* _Exercise aim_
For this exercise, the lines from the one with "Hotel Le Parisis - Tour Eiffel Paris" through the end of the material below must be output exactly, without pictures.

● ● ●

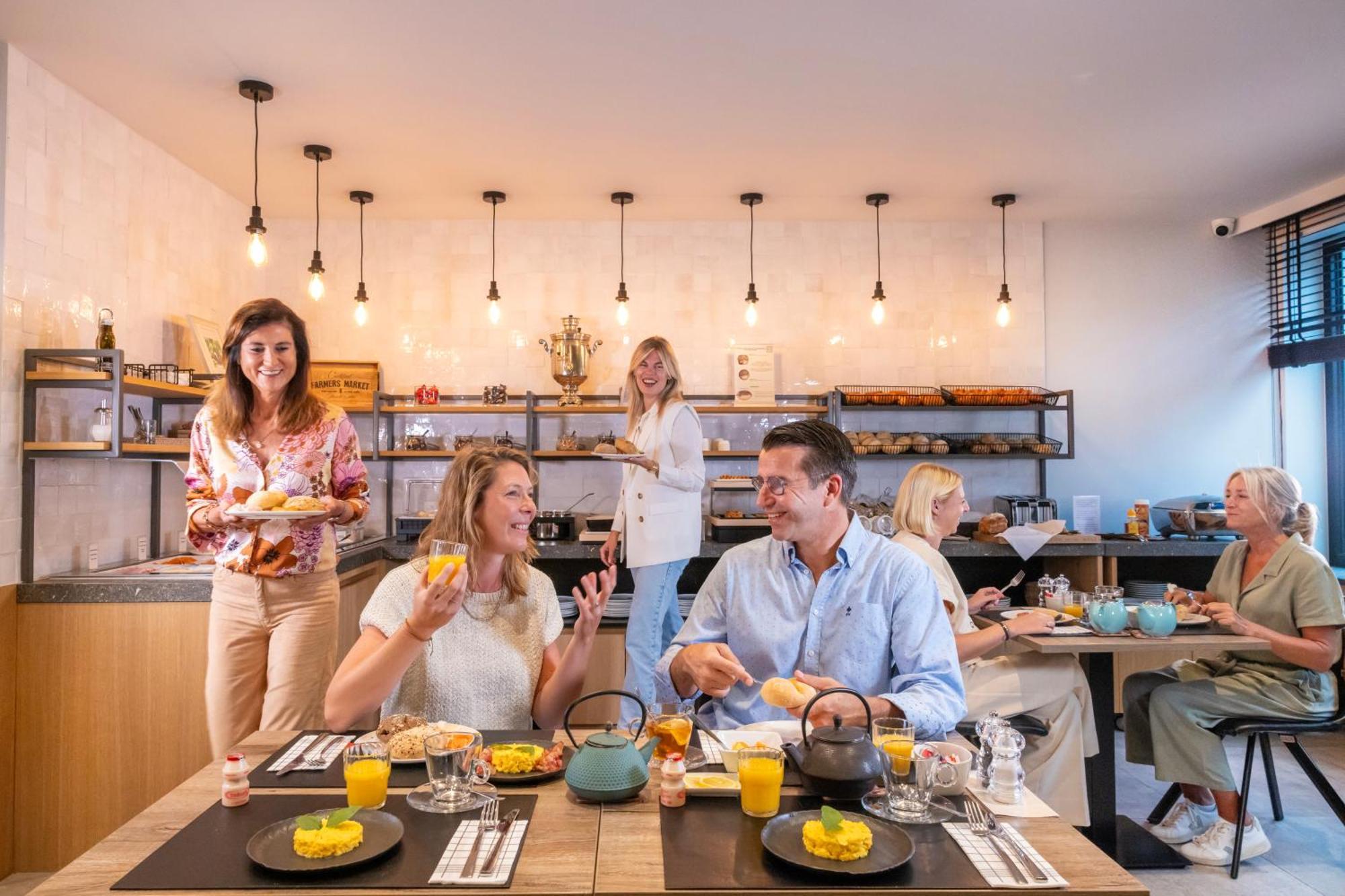 Hotel Auberge St. Pol Knokke-Heist Bagian luar foto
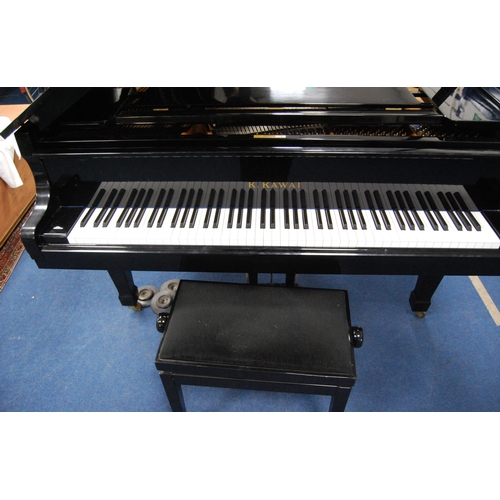 257 - K. Kawai black lacquered grand piano, model KG-2C, c. 1970s, serial no. 1062299, approximately 6ft, ... 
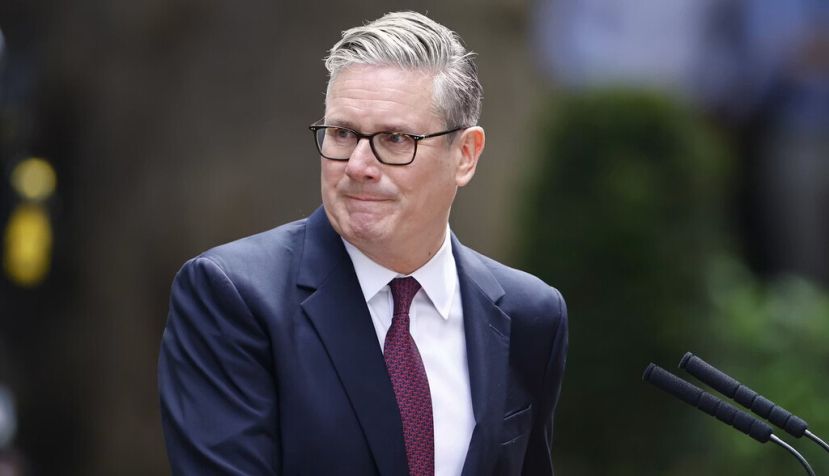 Starmer pronunció un discurso entre lágrimas ante los medios de comunicación reunidos en Downing Street. EPA/TOLGA AKMEN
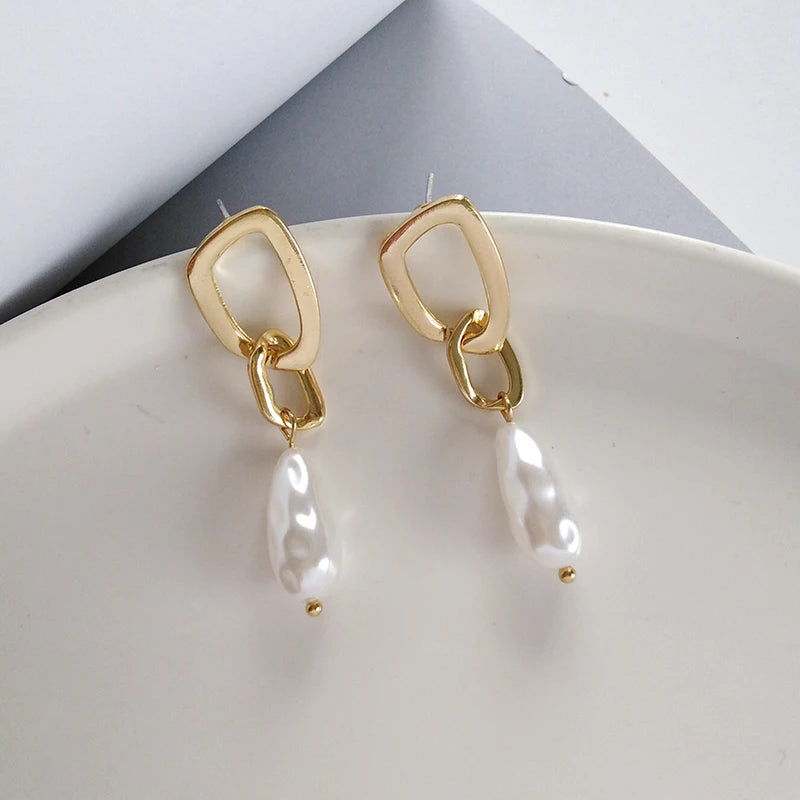 Fashion Jewelry Elegant Temperament Simulated Pearl Drop Dangle Earrings For Women Wedding Gifts.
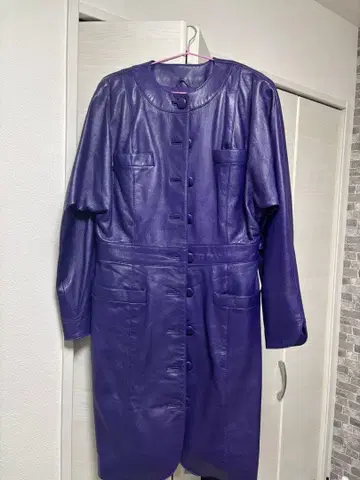 보라색 가죽 버튼 코트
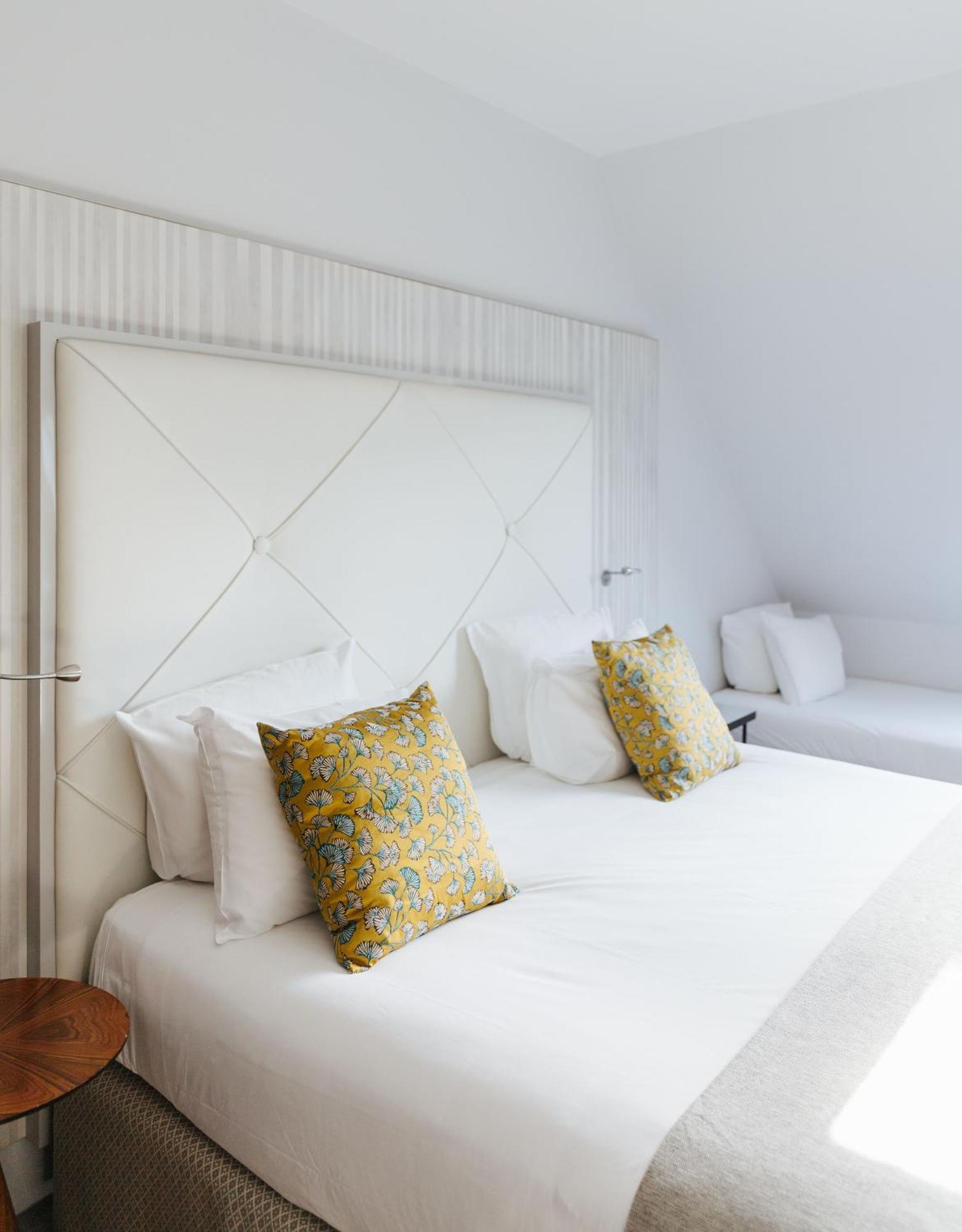 Hotel Le Parisis - Tour Eiffel Paris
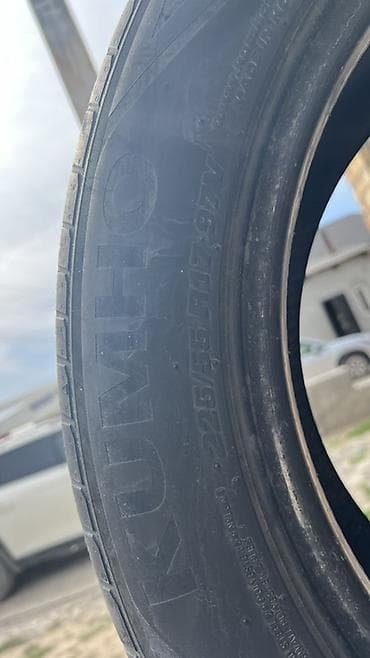 22555 r17: Шины 225 / 55 / R 17, Лето, Комплект, Легковые, Корея, Kumho — 1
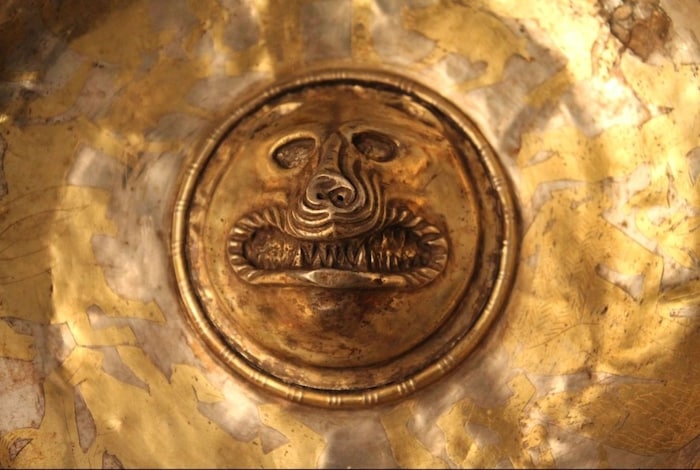 Geheimisvolle Ausstellungsstücke, wie dieses Gesicht in einem glänzenden Teller, werden zu ...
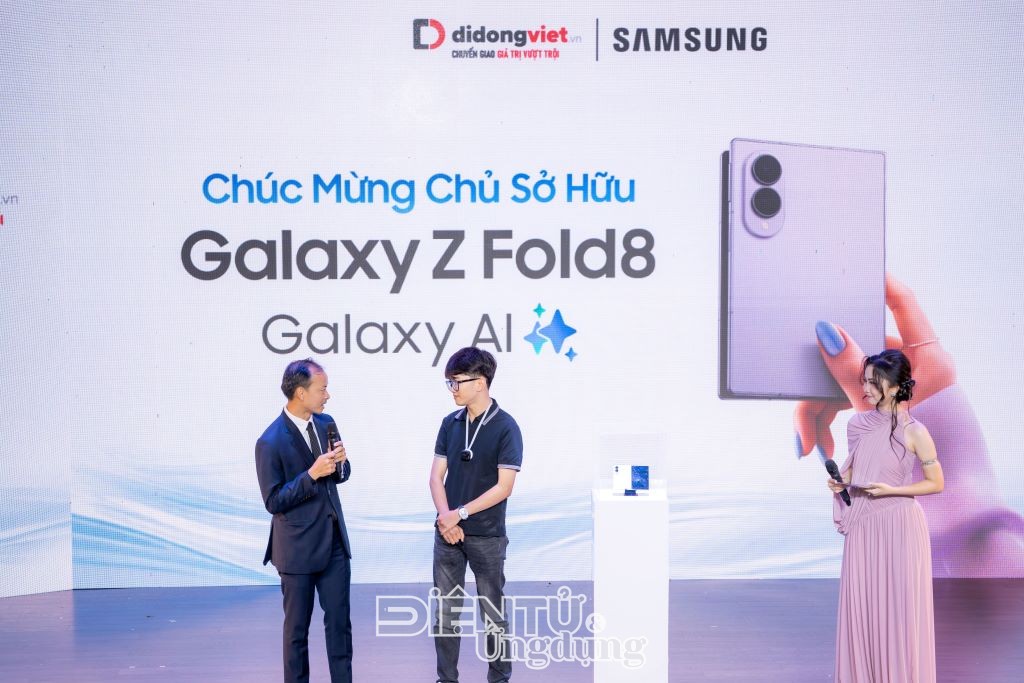 Di Động Việt mở bán Galaxy Z Flip8, Galaxy Z Fold8 và Galaxy Z Fold8 Ultra, giảm đến 12 triệu đồng Di Động Việt mở bán Galaxy Z Flip8, Galaxy Z Fold8 và Galaxy Z Fold8 Ultra, giảm đến 12 triệu đồng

● ● ●

* _Finished exercise_
 Hotel Le Parisis - Tour Eiffel Paris
 22555 r17: Шины 225 / 55 / R 17, Лето, Комплект, Легковые, Корея, Kumho — 1
 Geheimisvolle Ausstellungsstücke, wie dieses Gesicht in einem glänzenden Teller, werden zu ...
 Di Động Việt mở bán Galaxy Z Flip8, Galaxy Z Fold8 và Galaxy Z Fold8 Ultra, giảm đến 12 triệu đồng Di Động Việt mở bán Galaxy Z Flip8, Galaxy Z Fold8 và Galaxy Z Fold8 Ultra, giảm đến 12 triệu đồng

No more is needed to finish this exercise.